#### Information shown:
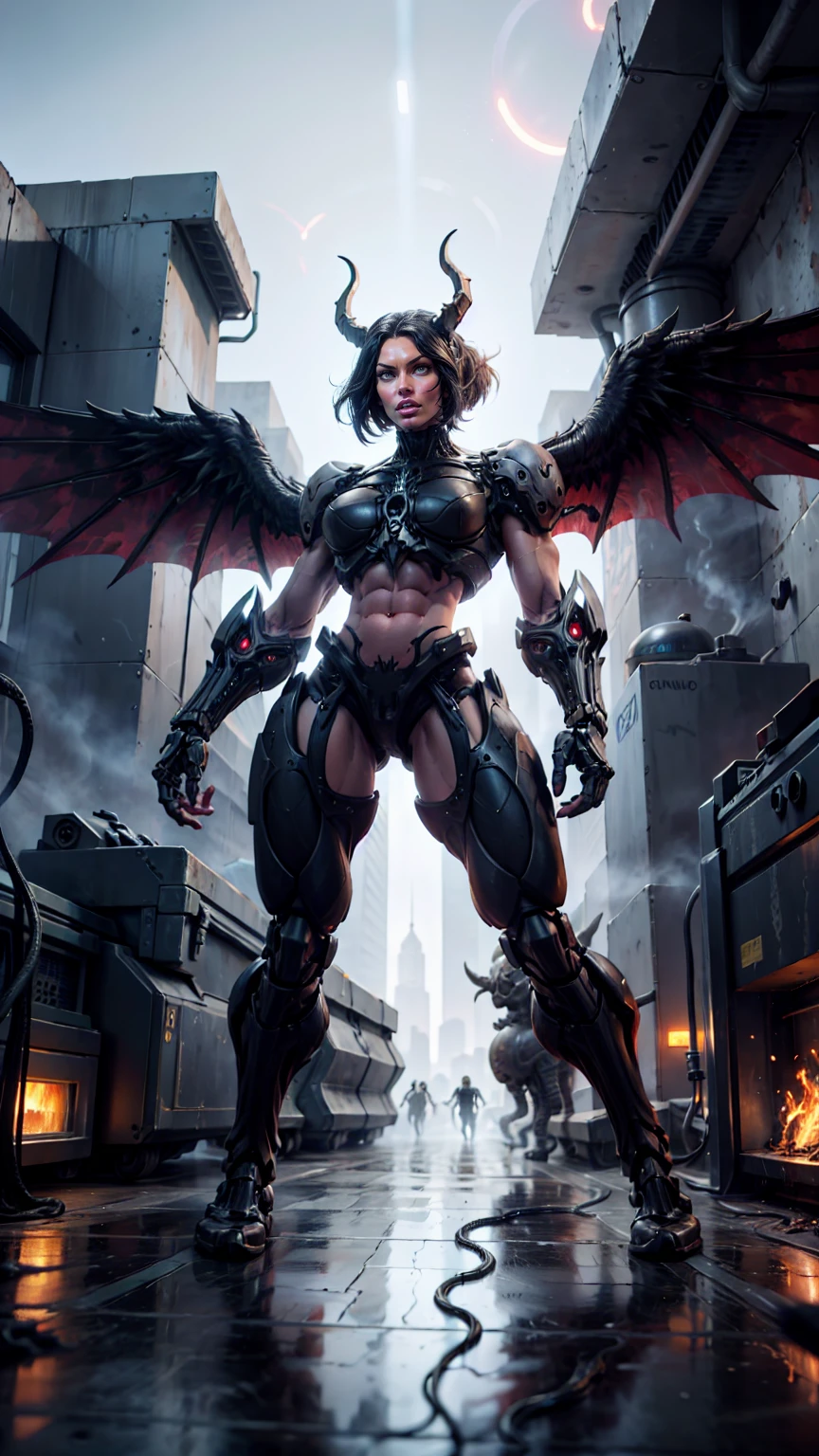 Megan fox as a demonic biomechanical succubus, an unsettling yet mesmerizing blend of organic and mechanical features, lurking in the shadows.
In the heart of the dystopian metropolis, where technology and darkness intertwine, the demonic biomechanical succubus prowls through the neon-lit alleys. Her presence is a haunting mixture of allure and menace, a testament to the unholy fusion of flesh and machinery.
Her body, an intricate blend of demonic curves and mechanical precision, moves with a predatory grace. Sharp, metallic limbs gleam under the flickering lights, each movement producing a faint whirring sound. Her skin, a smooth and dark alloy interspersed with patches of organic texture, pulsates with a faint, eerie glow.
Her eyes, a pair of luminescent orbs, scan the surroundings with a predatory intelligence. They emit an otherworldly light, contrasting sharply with the darkness around her. Her hair, a cascade of fine, metallic tendrils, shimmers like liquid metal, adding an ethereal beauty to her terrifying visage.
Her biomechanical wings unfurl, their structure a marvel of dark engineering and demonic energy. They spread wide, casting ominous shadows against the city’s neon backdrop, ready to take flight or strike fear into any who dare approach.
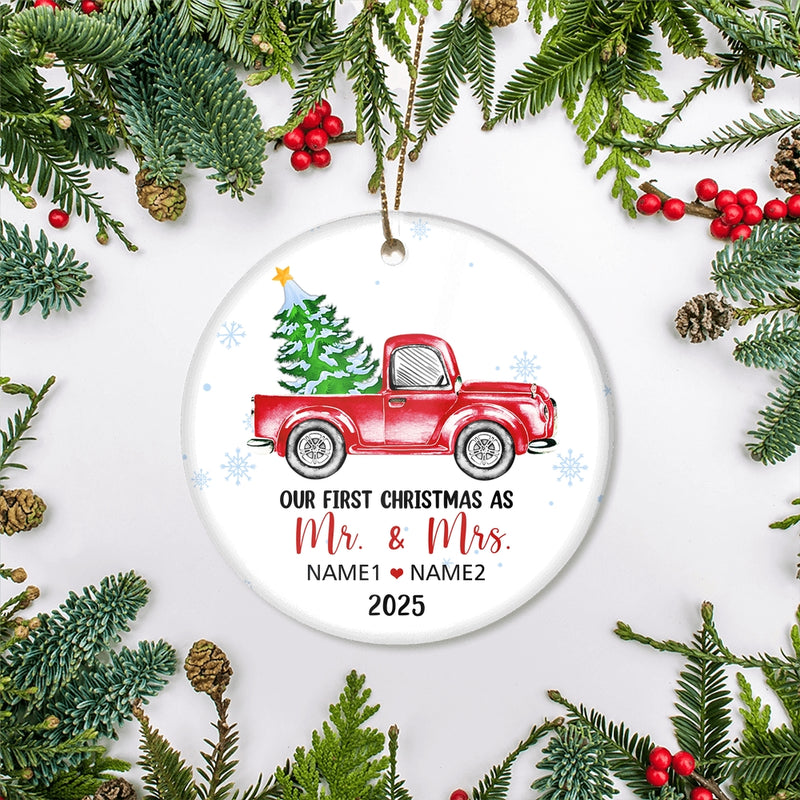 Personalized First Christmas As Mr And Mrs Ornament Married 2024 Custom Name Decoration Customized Christmas Tree Ornament Circle Ornament Mockup 2 800x.jpg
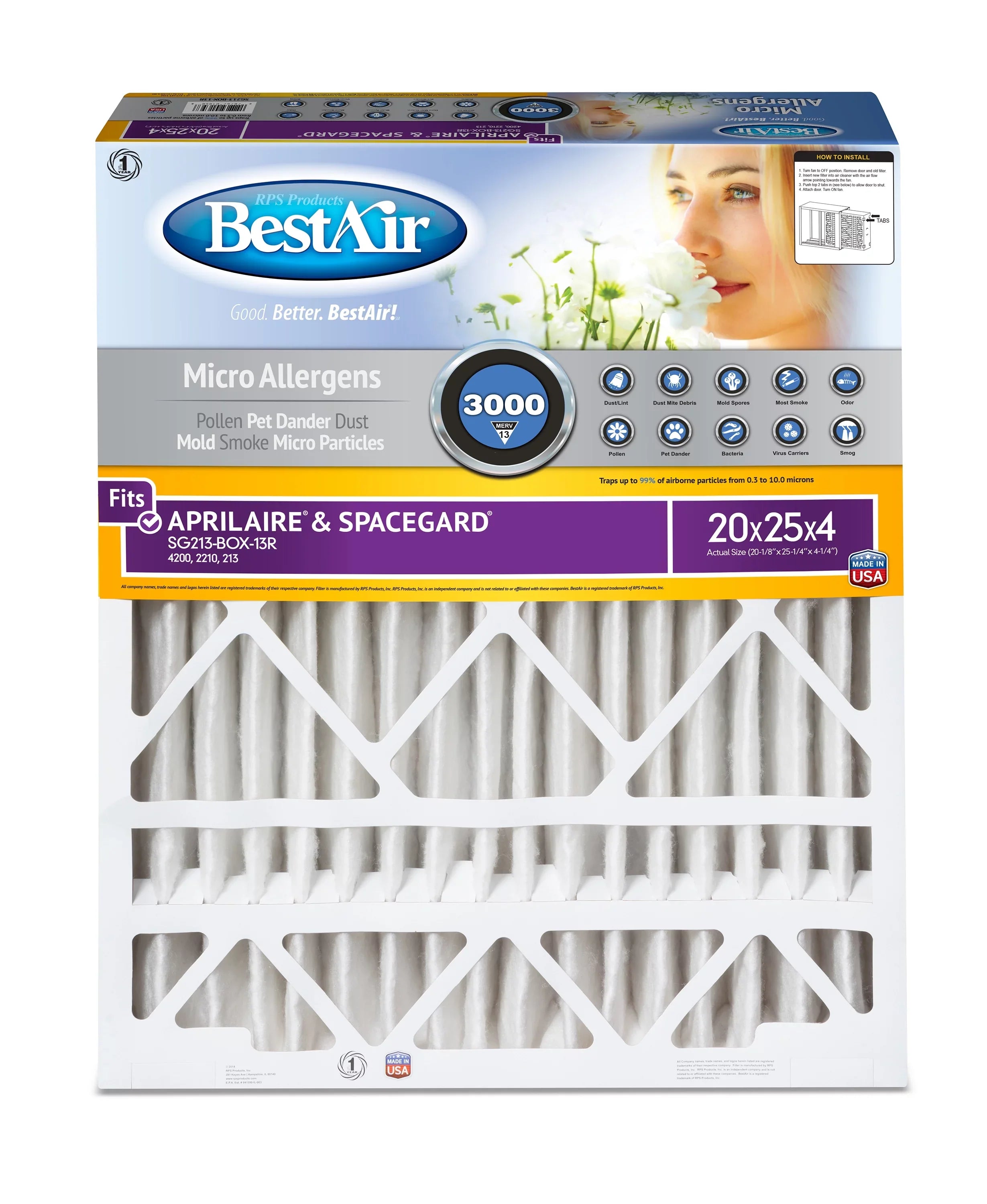 BestAir AXP-213-13R-2 Replacement Furnace Filter Sizeeries 3000 MERV 13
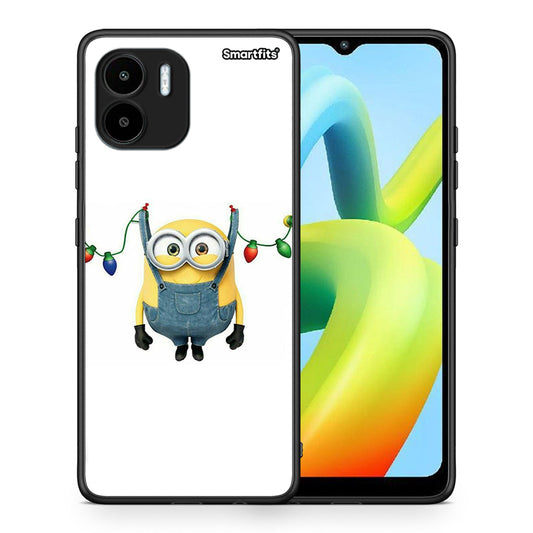Θήκη Xiaomi Redmi A1 / A2 Xmas Minion Lights από τη Smartfits με σχέδιο στο πίσω μέρος και μαύρο περίβλημα | Xiaomi Redmi A1 / A2 Xmas Minion Lights Case with Colorful Back and Black Bezels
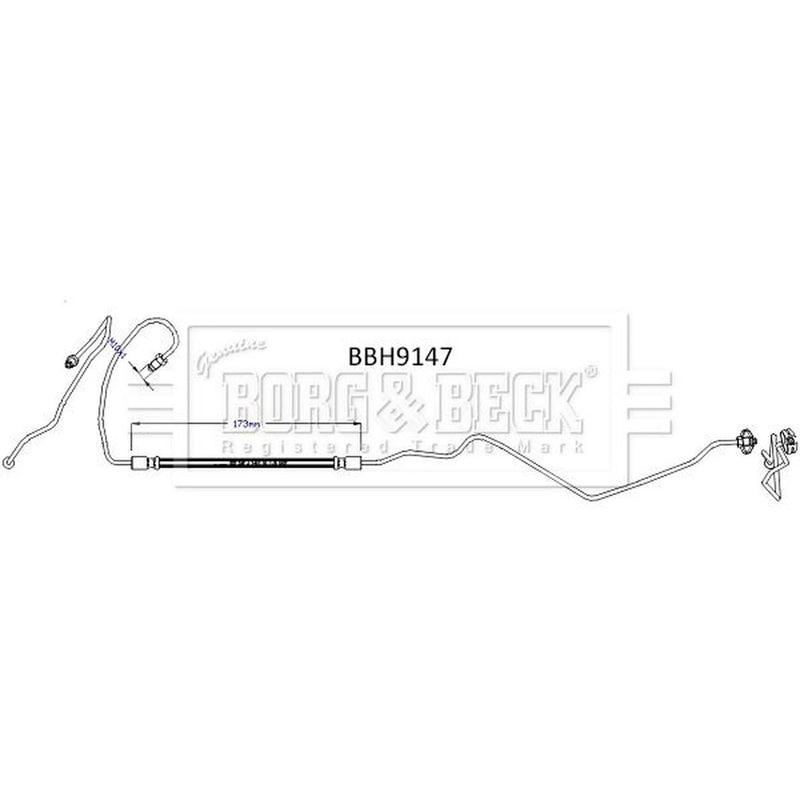 Borg & Beck Brake Hydraulic Hose Line Rear BBH9147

#### What is needed:
The answer must be every line of the records that contains the word "predatory".

#### Written answer:
Her body, an intricate blend of demonic curves and mechanical precision, moves with a predatory grace. Sharp, metallic limbs gleam under the flickering lights, each movement producing a faint whirring sound. Her skin, a smooth and dark alloy interspersed with patches of organic texture, pulsates with a faint, eerie glow.
Her eyes, a pair of luminescent orbs, scan the surroundings with a predatory intelligence. They emit an otherworldly light, contrasting sharply with the darkness around her. Her hair, a cascade of fine, metallic tendrils, shimmers like liquid metal, adding an ethereal beauty to her terrifying visage.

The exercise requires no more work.